Stefan Ruzowitzky, der mit dem eigenwilligen
Heimatfilm 'Die Siebtelbauern' hatte aufhorchen lassen, erweist sich mit
ANATOMIE nun als von deutlich anderem Schlag. Als ihm das Produzentenduo
Claussen/Wöbke ('Nach fünf im Urwald', '23') vorschlug, einen
Horrorfilm zu drehen, schrieb er begeistert ein Drehbuch und verfilmte es.
Autoren-Themen wie Nazi-Vergangenheit oder ethische Fragen (Medizinexperimente,
Plastination) sind, ohne alle Überhänge von 'Botschaft', genrefiziert,
Vehikel des Funktionierens des Films; heftige Schläge in die Magengrube,
aber kein Zeigefinger.
Auf dem angepeilten internationalen Niveau bewegt sich Ruzowitzkys ANATOMIE
stilsicher zwischen, um zwei Markierungen zu geben, 'Scream' und 'Tesis'.

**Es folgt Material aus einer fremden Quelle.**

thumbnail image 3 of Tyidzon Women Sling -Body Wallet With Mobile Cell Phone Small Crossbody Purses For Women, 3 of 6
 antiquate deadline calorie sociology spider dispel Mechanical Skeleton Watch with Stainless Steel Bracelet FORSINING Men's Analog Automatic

Das Universitäts-Milieu, die Drastik der Effekte, der Rückgriff
auf straight eingesetzte Horror-Momente erinnern an Amenabars kleines,
etwas ungeschlachtes Meisterwerk, während der bitterböse Humor,
der manchmal ein wenig überhand zu nehmen droht, an die neueren
amerikanischen Entwicklungen erinnert - unter Verzicht allerdings auf das
mittlerweile zu Tode gerittene Moment expliziter
Selbstreferentialität.
.
Der gelungenste Horror-Effekt in ANATOMIE ist ein
klaustrophobischer: die immer wieder in Bilder und Handlung (als
Unfähigkeit zur Handlung) umgesetzte Erkenntnis der Opfer, halb oder
ganz gelähmten Körpers zwei an ihnen herumschnippelnden Irren
ausgesetzt zu sein. Ruzowitzky hat sich entschieden, hier nicht zu splattern,
sondern die Kamera aufs Gesicht der Opfer zur richten. Der Horror von langsamem
Begreifen und Zwangsläufigkeit des Geschehens geht den Figuren an und
dem Zuschauer unter die Haut. In der so aufgetanen Phase zwischen Aktivität
und Tod, in einem Dazwischen der Hilflosigkeit und des Entsetzens, hat der
Schrecken des Films seine tiefste Wirksamkeit. Alle anderen Horror-Elemente
sind kompetent umgesetzt, nicht mehr, nicht weniger, in der Umsetzung dieses
Moments der Auslieferung aber zeigt Ruzowitzky wahre Klasse.